Necm 1:
Batdığı dem yıldıza and olsun ki,
Necm 2:
saahibiniz (doğru yoldan) sapmadı. Baatıla da inanmadı.
Necm 3:
Kendi (re´y-ü) hevâsından söylemez o.
Necm 4:
O, kendisine (Allahdan) ilkaa edilegelen bir vahyden başkası değildir.
Necm 5:
Onu müdhiş kuvvetlere mâlik olan öğretdi.
Necm 6:
(Ki o) akıl ve re´yinde kâmil (bir melek) dir.
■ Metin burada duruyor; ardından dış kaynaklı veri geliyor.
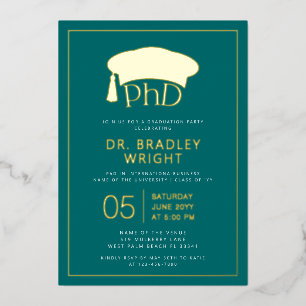 Phd Doctorate Hat Doctoral Degree Graduation Foil Invitation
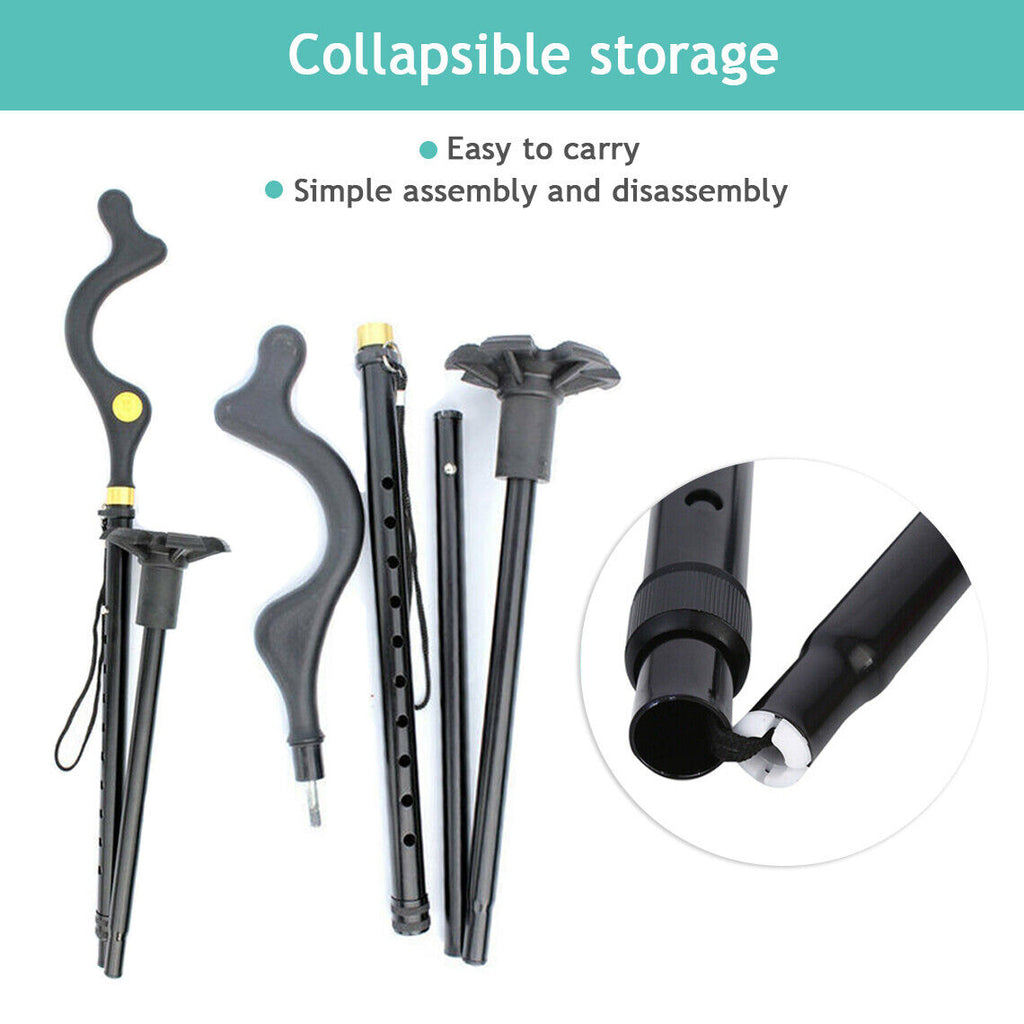 Posture Walking Stick Cane For Men And Women With Adjustable Heights Folding 10 Level Trekking Pole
Hemen (kendi suretine girib) doğruldu.
Necm 7:
O, en yüksek ufukda idi.
Necm 8:
Sonra (Cebrail, ona) yaklaşdı. Derken sarkdı.
Necm 9:
(Bu suretle o, peygamberlere) iki yay kadar, yahud daha yakın oldu da,
Necm 10:
(Allahın) kuluna vahy etdiği neyse onu vahyetdi.
Necm 11:
Onun gördüğünü kalb (i) yalana çıkarmadı.
Necm 12:
Şimdi siz onun bu görüşüne karşı da kendisiyle mücâdele mi edeceksiniz?
Necm 13:
(13-14) Andolsun ki onu diğer bir defa da Sidre-tül müntehânın yanında gördü o,
Necm 14:
(13-14) Andolsun ki onu diğer bir defa da Sidre-tül müntehânın yanında gördü o,
Necm 15:
ki Cennet-ül me´vâ onun yanındadır.
Necm 16:
O (gördüğü) zaman Sidreyi bürüyordu onu bürümekde olan.
Necm 17:
(Peygamberin) göz (ü, gördüğünden) ağmadı, (onu) aşmadı da.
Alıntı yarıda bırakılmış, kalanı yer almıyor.